Boa pergunta. Não creio que tenha pensado nisso, pois, se os pesquisadores fossem consultados, teríamos feito esse alerta. Quem vai garantir a segurança das pessoas? Quem garante que algumas pessoas não se arrisquem a caminhar dentro da área da mata? Estamos em uma área preservada e protegida por lei. Esse evento é uma irresponsabilidade sob todos os aspectos. E há mais um detalhe: os organizadores alegam que o barulho que será produzido pelas apresentações musicais não difere muito do som dos carros que chega da rua até o local. Isso não é verdade. Inclusive, eles recomendam que os pais coloquem protetores auriculares nas crianças durante o evento. Se as crianças podem sofrer com o volume do som que será gerado, por que os animais não sofreriam?

A realização de eventos comerciais como esse está diretamente ligada ao fim da gestão pública da área. Os pesquisadores alertaram a sociedade sobre os riscos da concessão – que não deixa de ser um tipo disfarçado de privatização. O que mudou desde que uma empresa privada assumiu o comando do Parque do Ipiranga?

Entre outras coisas, o valor do ingresso que subiu muito – o que impossibilitou a visita de famílias de baixa renda ao local. Mas esse é apenas o detalhe mais evidente. O problema maior está na contradição: ao mesmo tempo em que a concessionária proíbe que nossos alunos de pós-graduação circulem na área interna do Jardim Botânico, com a justificativa da preservação do acervo, libera o espaço para 3 mil pessoas ficarem ali por 12 horas ou mais. Infelizmente, a concessão de espaços públicos abre brechas para esse tipo de exploração comercial. A concessionária e os organizadores do evento vão lucrar muito com esse evento, cujos ingressos vão de R$ 100 a R$ 500. Mas e a pesquisa, como fica? Quem vai reparar os danos materiais e imateriais que a multidão pode causar ao Jardim Botânico? E o que mais preocupa é que isso abra precedentes para que o local passe a ser usado como palco frequente de grandes eventos.

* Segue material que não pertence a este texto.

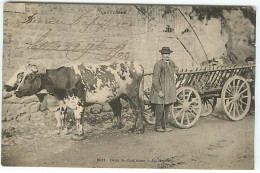 L'Auvergne - Gens De Chez Nous N°8011 - Au Revoir - Attelage De Boeufs - Auvergne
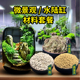 苔藓景观材料微景观diy材料包创意生态瓶制作材料水陆缸造景材料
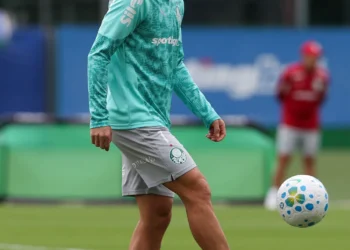 palmeiras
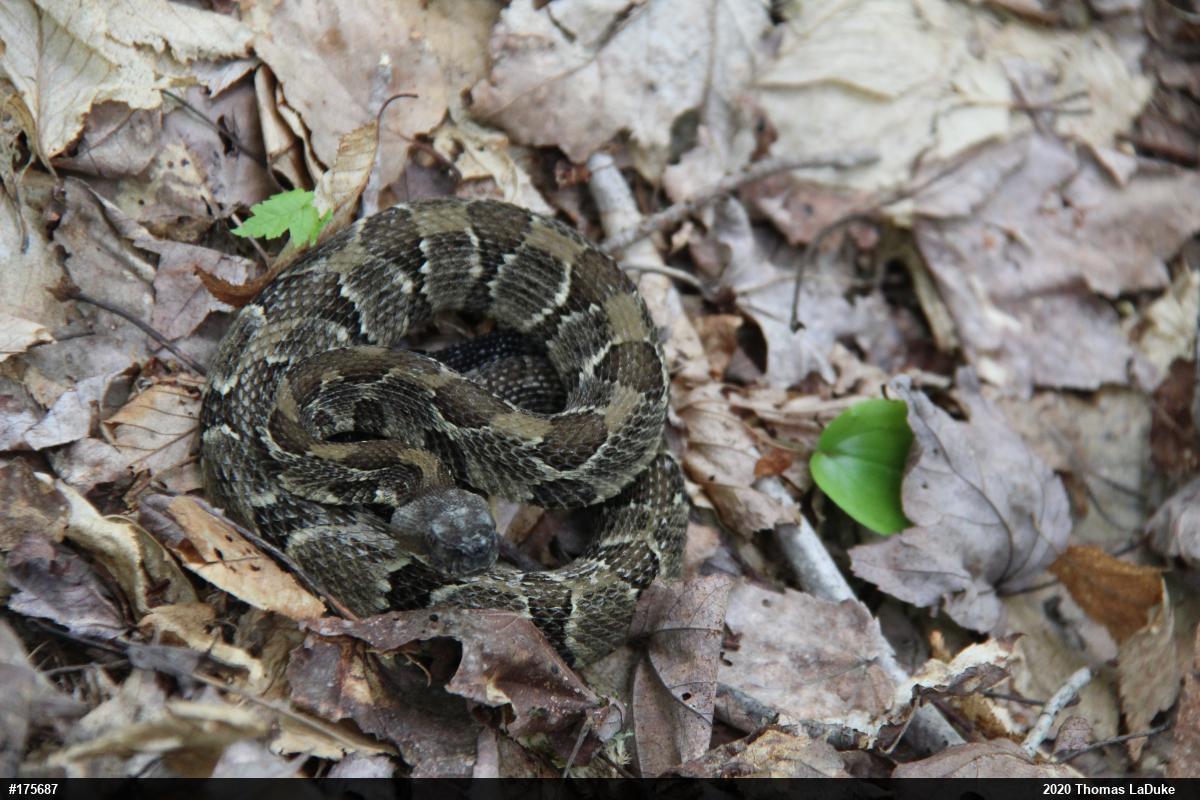 Timber Rattlesnake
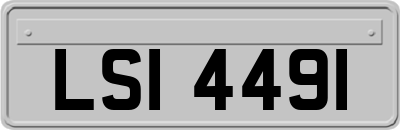 LSI4491
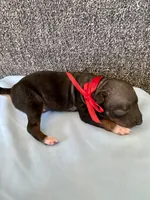 Togo, a male American Hairless Terrier for sale in Belton, TX – 3 of 4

Quem teria o poder de impedir que o evento seja realizado? Os pesquisadores vão tentar barrá-lo na justiça?

Quem devia intervir nisso é a Secretaria de Meio Ambiente, Infraestrutura e Logística de São Paulo. Mas como contar com isso nesse atual governo? Soube que o deputado estadual Carlos Giannazi, do PSOL, acionou o Ministério Público de São Paulo pedindo que o evento seja cancelado – e estamos circulando uma petição que já conta com milhares de assinaturas. Em 2017, uma rave seria realizada no Jardim Botânico, com a anuência do então secretário Ricardo Salles, mas fizemos frente a isso e conseguimos barrar. Iremos até o fim para barrar de novo.